Problem description >> Copy each line of the data below exactly, leaving out pictures.

++++ Exercise data

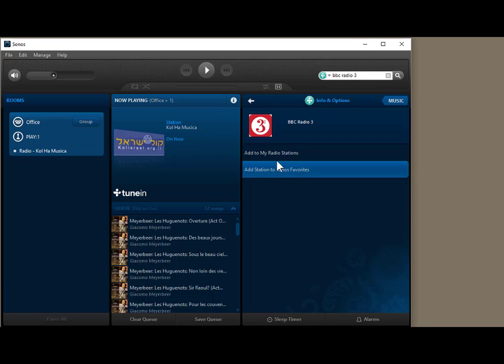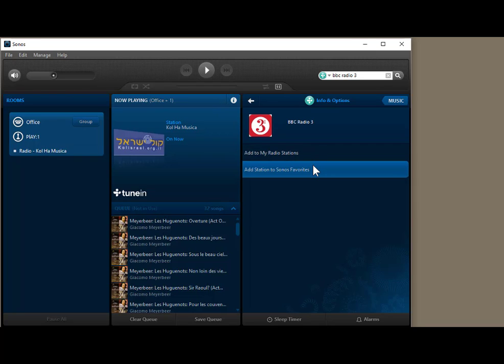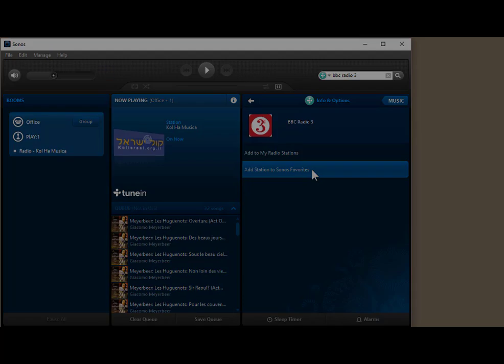And then from there you add to my radio stations. And again from here you could also add it to your Sonos favorites. Sonos favorites cuts across all different services that are connected to Sonos, whereas the add to my radio stations is limited to saving it as a favorite in just TuneIn radio.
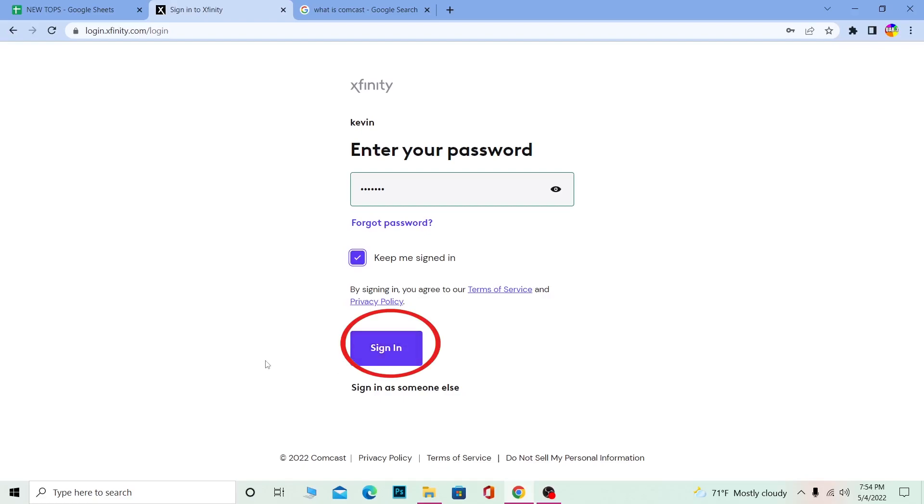You should be able to log into your Xfinity account if the information you typed is correct. Remember, Comcast and Xfinity are the same, so don't get confused.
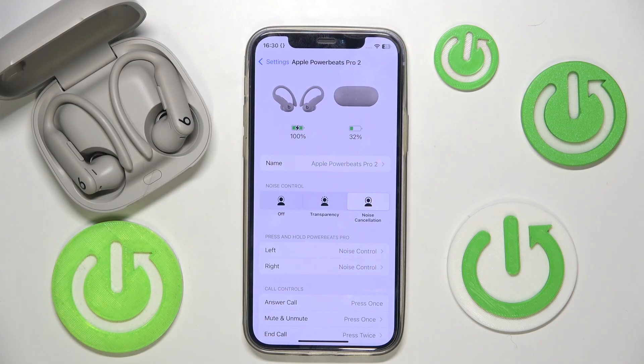Hi everybody and welcome. Today I have Apple Powerbeats Pro 2 headphones and I'm going to tell you how you can easily manage your headphones in Find My.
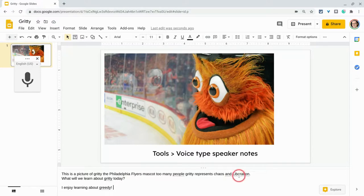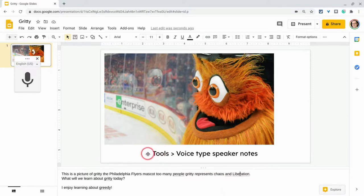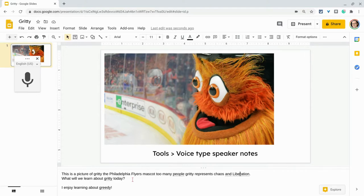So there are things here — 'Liberation' is capitalized, and I don't think liberation in that context is a proper noun. So there's definitely some editing that you have to do, but that's good practice for students as well. And we can't do this in the actual body of our Google Slides, but we can always copy and paste once we've done it. Or you can focus students who have motor issues on contributing in the speaker notes, giving stage directions for the presentation.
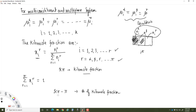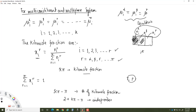Keeping T and P constant, the total number of independent variables is 2 + k·φ - φ. But we also have equilibrium conditions: for each constituent, the chemical potential must be equal across all phases, giving (φ - 1) equalities per constituent, or k·(φ - 1) equilibrium conditions in total.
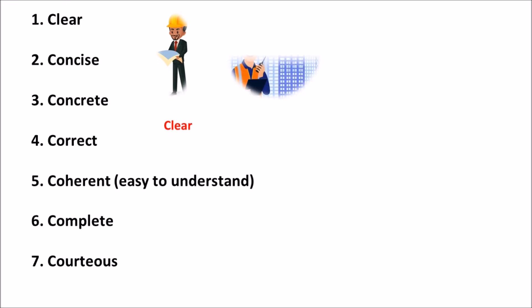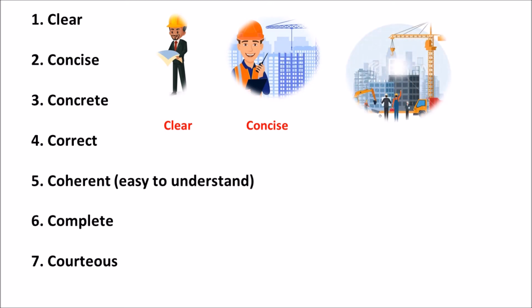Then he concise the design for approval purpose and got the approval from the owner. Then he will make a concrete in a clear and coherent way.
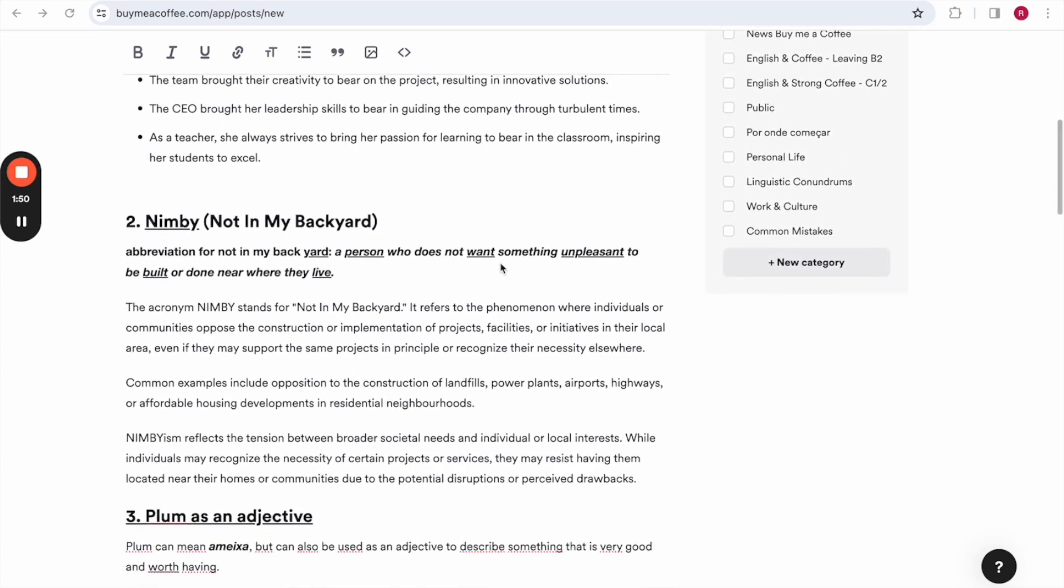The second one is NIMBY, which is an acronym that stands for Not In My Backyard. It refers to the phenomenon where individuals or communities oppose the construction or implementation of projects, facilities or initiatives in the local area, even if they may support the projects in principle or recognize their necessity elsewhere.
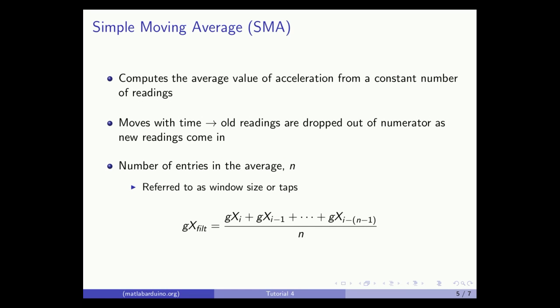The second type of filter we'll look at is the simple moving average filter. This filter computes the average value of acceleration from a constant number of readings.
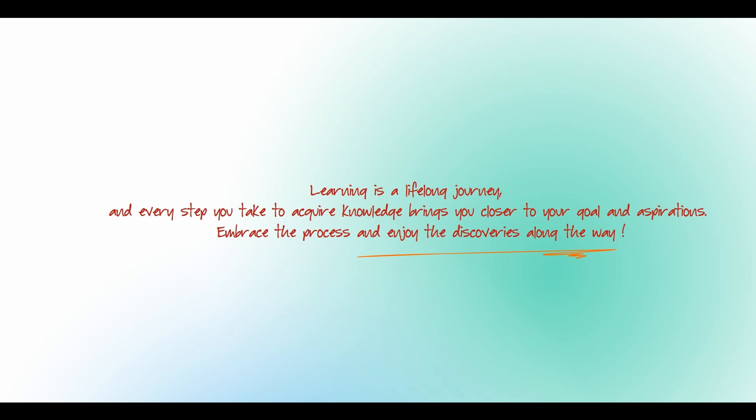Learning is a lifelong journey and every step you take to acquire knowledge brings you close to your goals and aspirations. Embrace the process and enjoy the discovery along the way.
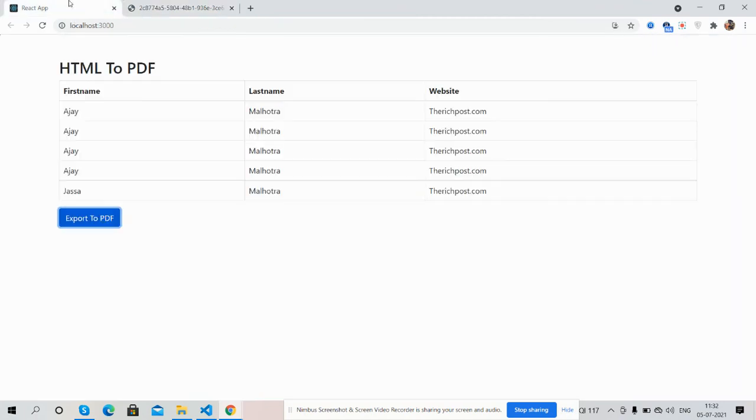And guys, have you seen? React.js HTML to PDF functionality is working fine. And guys, like always, I will share the source code link inside this video description. So please get the code, and I will come with more.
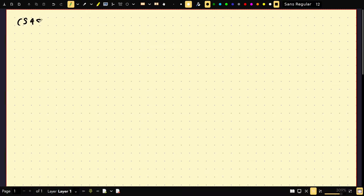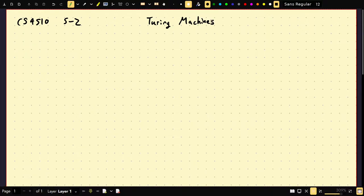Welcome to CS4510. The topic of today's lecture is going to be on Turing machines — a new type of computer. So far I've given you DFAs, NFAs, push-down automata, context-free grammars, regular grammars, and all kinds of models. We've shown equivalences or inequivalences between them, and that some have higher power than others. This is really the last computer we'll talk about, and it's the most important one. Everything we've done was just a build-up to this — this is the whole point of the course.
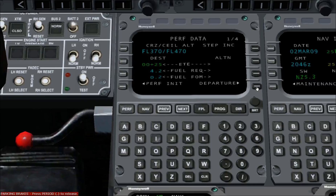If you left the cruise altitude at optimum, you can see what the optimum cruise altitude is at the top of this page, under the abbreviation CRZ. Press the flight plan button to return to the active flight plan page.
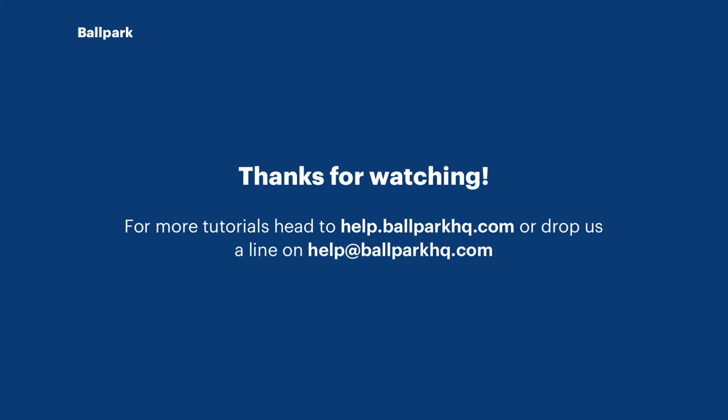That's about it for this tutorial. If you have any more questions about Ballpark, feel free to reach out to us using the information on the screen now.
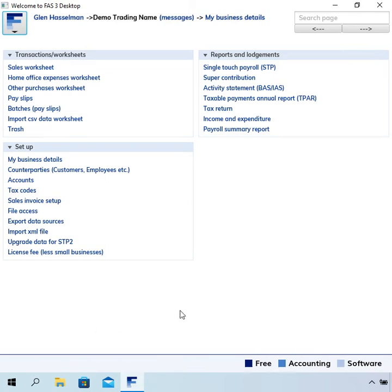Hi, my name is Glenn Hasselman. I'm making this video for free accounting software users to show you how to use the software.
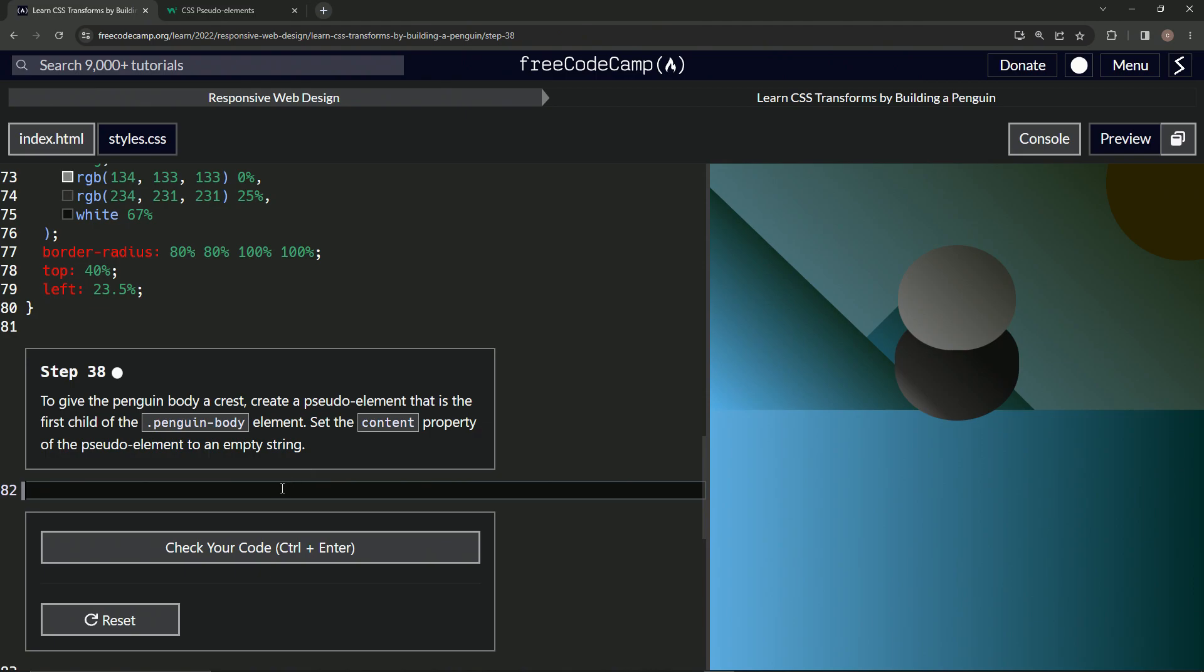So we're going to make a pseudo element. First things first, I don't know if you remember what pseudo elements are, but I sure didn't when I started this.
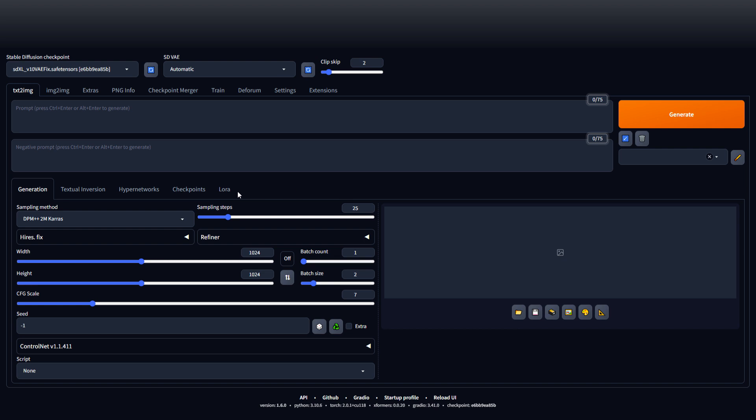CFG scale, you use this, it can adjust how much the AI is affecting the image based off of your prompt. So we're going to keep it at what it was for default, seven. Clip skip, this is another option you can mess with. I don't usually go above like three. We're going to keep it at two on the default.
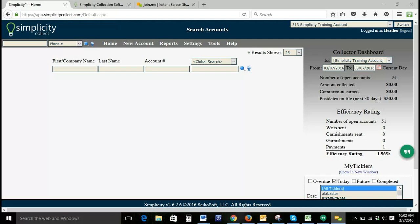Welcome to today's Simplicity specialty training. Today's training is on collection statuses. The page we're on right now is called the home screen. This is the first screen that you see when you log into Simplicity. You can also get there by clicking Home.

++++++++

Task output >>
And then from there you add to my radio stations. And again from here you could also add it to your Sonos favorites. Sonos favorites cuts across all different services that are connected to Sonos, whereas the add to my radio stations is limited to saving it as a favorite in just TuneIn radio.
You should be able to log into your Xfinity account if the information you typed is correct. Remember, Comcast and Xfinity are the same, so don't get confused.
Hi everybody and welcome. Today I have Apple Powerbeats Pro 2 headphones and I'm going to tell you how you can easily manage your headphones in Find My.
So there are things here — 'Liberation' is capitalized, and I don't think liberation in that context is a proper noun. So there's definitely some editing that you have to do, but that's good practice for students as well. And we can't do this in the actual body of our Google Slides, but we can always copy and paste once we've done it. Or you can focus students who have motor issues on contributing in the speaker notes, giving stage directions for the presentation.
Keeping T and P constant, the total number of independent variables is 2 + k·φ - φ. But we also have equilibrium conditions: for each constituent, the chemical potential must be equal across all phases, giving (φ - 1) equalities per constituent, or k·(φ - 1) equilibrium conditions in total.
Then he concise the design for approval purpose and got the approval from the owner. Then he will make a concrete in a clear and coherent way.
The second one is NIMBY, which is an acronym that stands for Not In My Backyard. It refers to the phenomenon where individuals or communities oppose the construction or implementation of projects, facilities or initiatives in the local area, even if they may support the projects in principle or recognize their necessity elsewhere.
The second type of filter we'll look at is the simple moving average filter. This filter computes the average value of acceleration from a constant number of readings.
Learning is a lifelong journey and every step you take to acquire knowledge brings you close to your goals and aspirations. Embrace the process and enjoy the discovery along the way.
And guys, have you seen? React.js HTML to PDF functionality is working fine. And guys, like always, I will share the source code link inside this video description. So please get the code, and I will come with more.
Welcome to CS4510. The topic of today's lecture is going to be on Turing machines — a new type of computer. So far I've given you DFAs, NFAs, push-down automata, context-free grammars, regular grammars, and all kinds of models. We've shown equivalences or inequivalences between them, and that some have higher power than others. This is really the last computer we'll talk about, and it's the most important one. Everything we've done was just a build-up to this — this is the whole point of the course.
If you left the cruise altitude at optimum, you can see what the optimum cruise altitude is at the top of this page, under the abbreviation CRZ. Press the flight plan button to return to the active flight plan page.
That's about it for this tutorial. If you have any more questions about Ballpark, feel free to reach out to us using the information on the screen now.
Hi, my name is Glenn Hasselman. I'm making this video for free accounting software users to show you how to use the software.
So we're going to make a pseudo element. First things first, I don't know if you remember what pseudo elements are, but I sure didn't when I started this.
CFG scale, you use this, it can adjust how much the AI is affecting the image based off of your prompt. So we're going to keep it at what it was for default, seven. Clip skip, this is another option you can mess with. I don't usually go above like three. We're going to keep it at two on the default.
Welcome to today's Simplicity specialty training. Today's training is on collection statuses. The page we're on right now is called the home screen. This is the first screen that you see when you log into Simplicity. You can also get there by clicking Home.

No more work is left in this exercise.